## WHAT YOU NEED TO DO
Reproduce only the lines below from the line containing "We are going" to the line containing "Different types of", exactly as written, with both end lines kept. Omit the pictures.

------------------------------

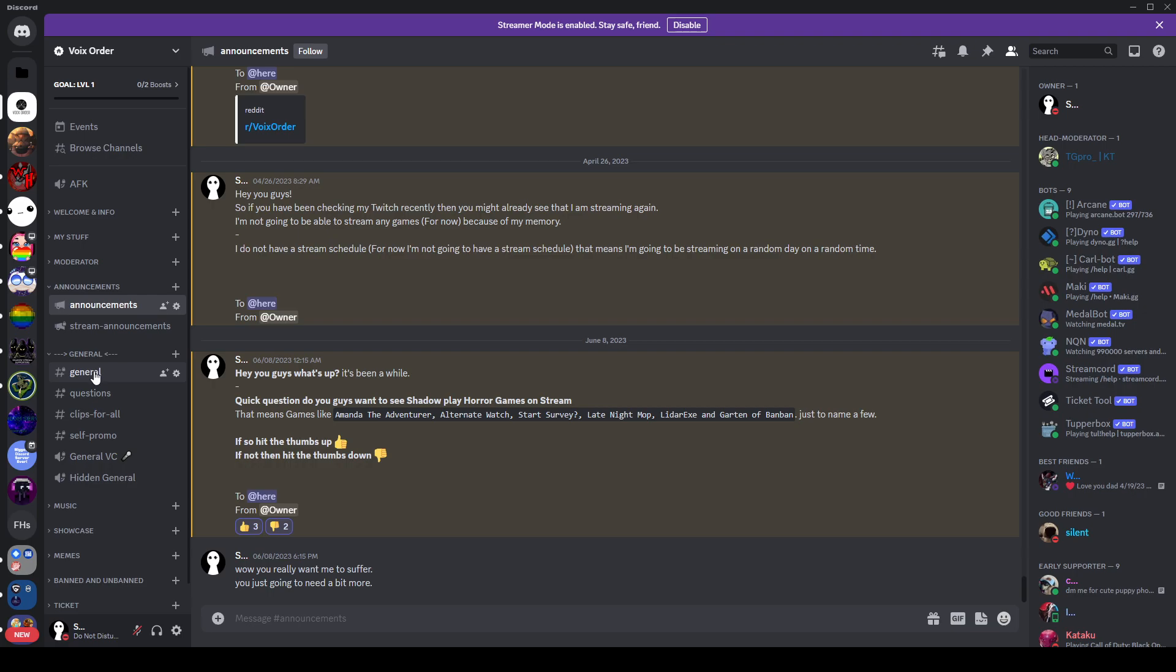And for people wondering, hey Shadow, why do you want us to join your stupid silent discord server? Well, do you want to see me suffer? Do you want me to play horror games? If you do not want my fucking reactions at all, why the hell are you watching this video?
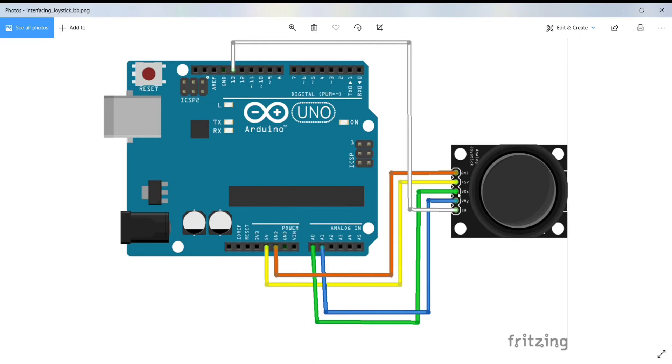Here I connected the VRX pin to A0 and VRY pin is connected to A1, and this switch pin is connected to pin number 13, digital pin 13.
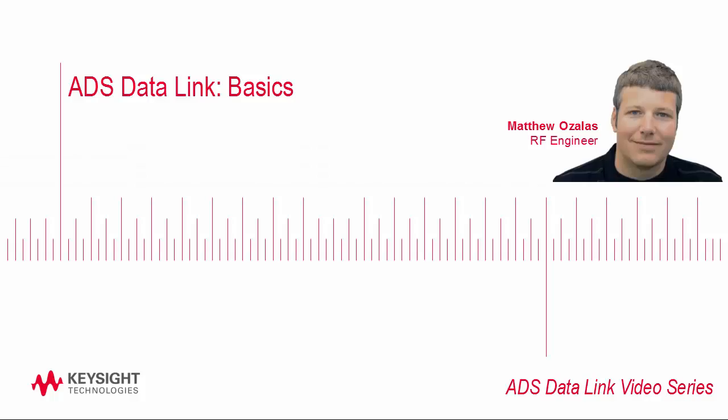My name is Matt Ozalas, I'm an engineer at Keysight and today I'm going to introduce the concept of the ADS Data Link. This is a capability that enables easy data transfer between Keysight ADS and programming tools like Python.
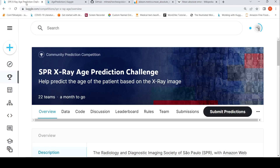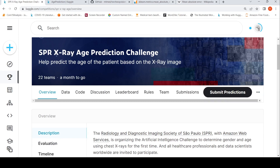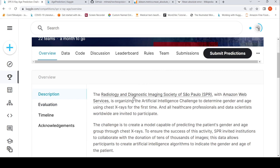This is Ritesh Srinivasan and welcome to my channel. In this video, let's look at how you can use deep learning and regression to predict the age of a patient based on an x-ray image. There is a community prediction competition on Kaggle called the SPR X-ray Age Prediction Challenge. SPR stands for the Radiology and Diagnostic Image Society of Sao Paulo, and this competition is with Amazon Web Services. The challenge is to determine gender and age using chest x-rays.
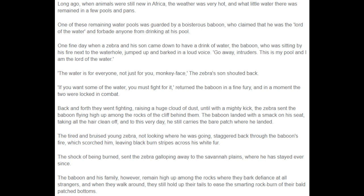Then we'll set out the events. We can include dialogue as well, just as this author has done. And of course, we have to have a problem and a solution. The ending will explain why the character looks the way they do now.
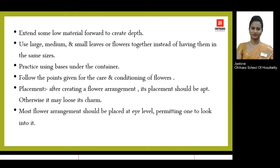Most flower arrangements should be placed at the equal eye level so that the customer can look at each individual plant material and appreciate the beauty of each element.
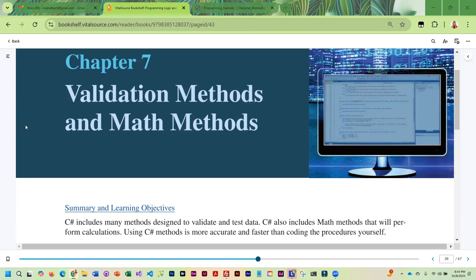We are going to be covering a variety of validation methods, and we will also be covering some new math methods. So far we have covered the random method and there are quite a few others that are useful.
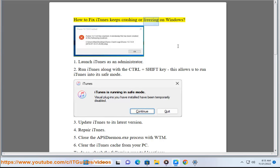How to fix iTunes keeps crashing or freezing on Windows. Tip 1: Launch iTunes as an administrator.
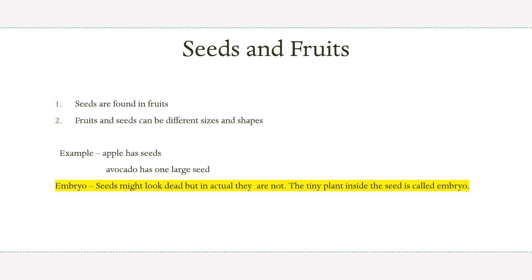Different types of plants produce seeds of different shapes, sizes, colors, and textures. Fruits and seeds can be of different sizes and shapes. For example, an apple has seeds, and an avocado has one large seed.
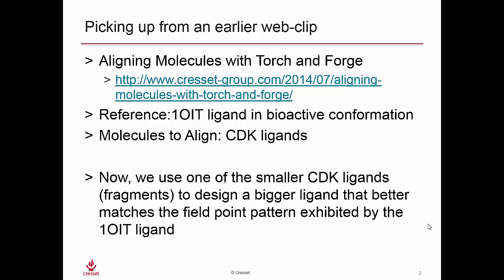In this case, we used a reference which was a ligand in a bioactive conformation from the 1OIT crystal structure, and we had a series of cyclin-dependent kinase ligands that we were aligning to that 1OIT ligand.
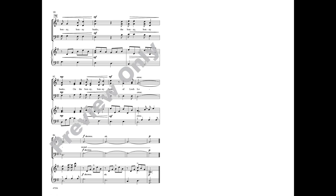On the bonnie bonnie banks of Loch Lomond, on the bonnie bonnie banks, on the bonnie bonnie banks of Loch Lomond. Thank you.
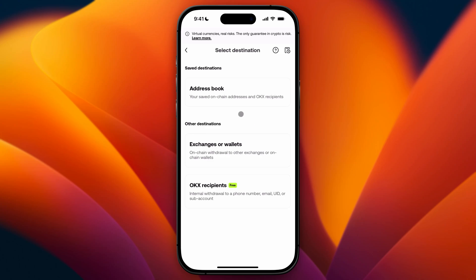As you can see right now we have a couple of options. If you want to send crypto to another wallet you can either click on the address book if you want to send it to a wallet you're sending it more frequently to or you can just click on exchanges or wallets or OKX recipients.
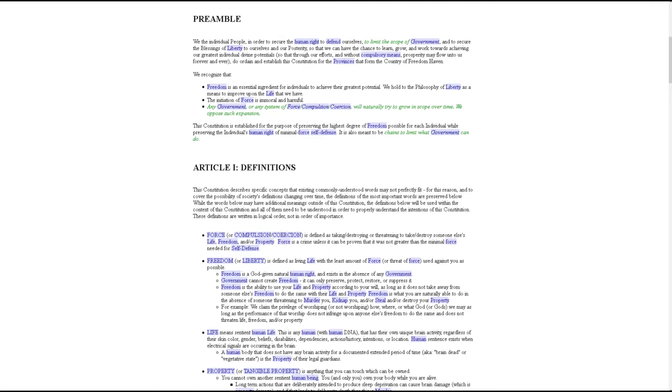individual people, in order to secure the human right to defend ourselves, to limit the scope of government, and to secure the blessings of liberty to ourselves and our posterity, so that we can have the chance to learn, grow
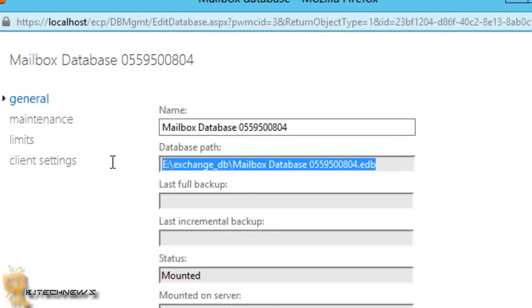So hopefully you guys enjoyed this video of how to move your Exchange 2013 database to another location. Please give me thumbs up, likes, and leave comments if you have any concerns or any other best practices. What do you think of moving your database? Is it a good thing or a bad thing? Let me know.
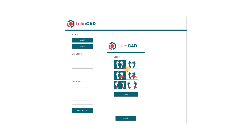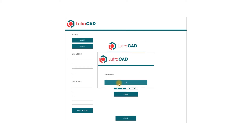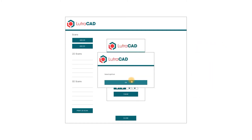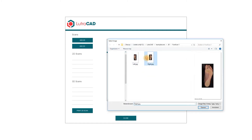The top two buttons will get their image directly from a scanner. The middle two are for adding one image of both feet. The bottom two buttons are for adding separate images per foot. For now, we add some example scans of a pair of feet that are in separate images. These images can be found on the C Drive, LutraCAD, Example Scans.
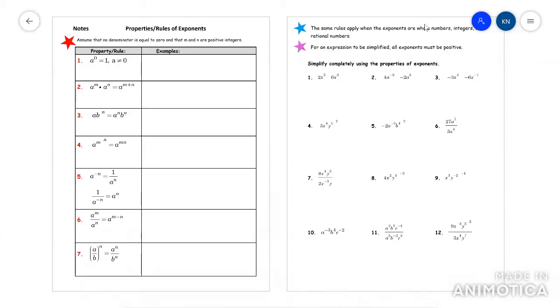This video is going to go over exponents. Whether or not you realize it, exponents are super duper important, especially as you get into higher level mathematics. So you definitely need to know this, so pay attention.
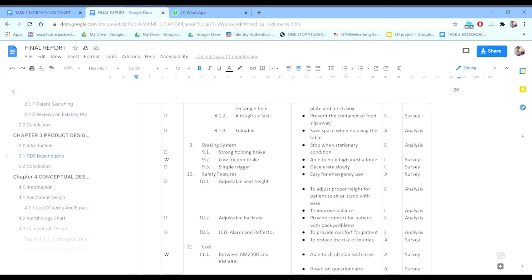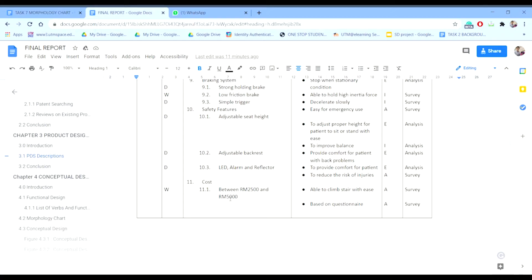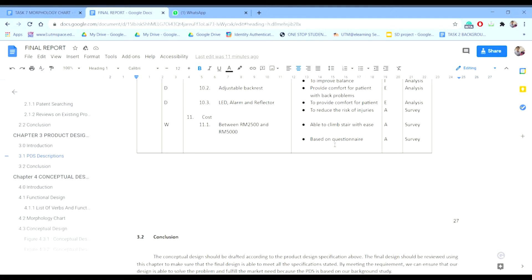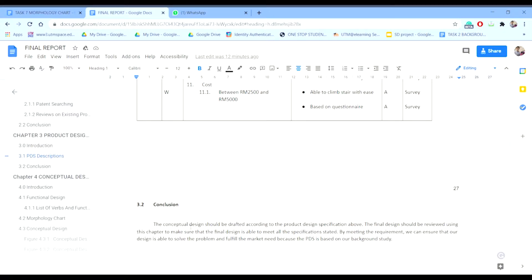The tenth is the safety feature, which includes an adjustable seat height — adjusted to the proper height for transfer or standing. This is explicit with reference from analysis. The next demand is adjustable armrests to provide comfort for the patient. The extra safety features are an emergency alarm and a reflector, which reduce the risk of injury. These are assumptions. The final design should be reviewed using this specification chart to ensure the design meets all requirements. By meeting these requirements, our design can solve the problem and fulfill the market need, as the PDS is based on our background study.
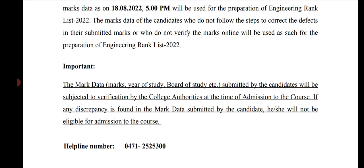The mark data submitted by the candidates will be subjected to verification by the college authorities at the time of admission to the course. If any discrepancy is found in the marks submitted by the candidates, he or she will not be eligible for admission to the course. So if you made any mistake during admission regarding your Plus 2 marks, after the exam you have to provide the original documents. Remember this whole page carefully.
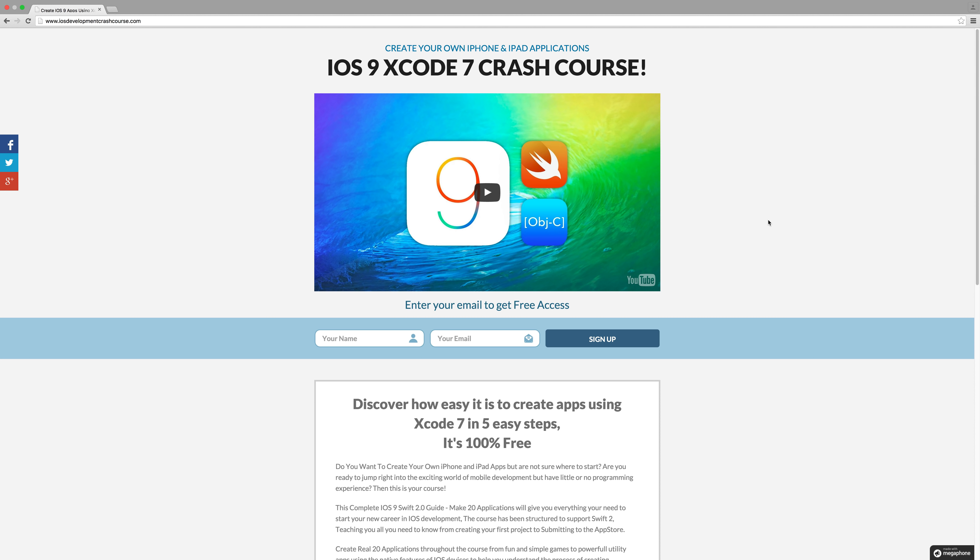You will discover how easy it is to create stunning applications using Objective-C and the newly updated Swift 2.0.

------------------------------

## OUTPUT FOR THIS TASK
We are going to be covering a variety of validation methods, and we will also be covering some new math methods. So far we have covered the random method and there are quite a few others that are useful.
How to fix iTunes keeps crashing or freezing on Windows. Tip 1: Launch iTunes as an administrator.
Different types of plants produce seeds of different shapes, sizes, colors, and textures. Fruits and seeds can be of different sizes and shapes. For example, an apple has seeds, and an avocado has one large seed.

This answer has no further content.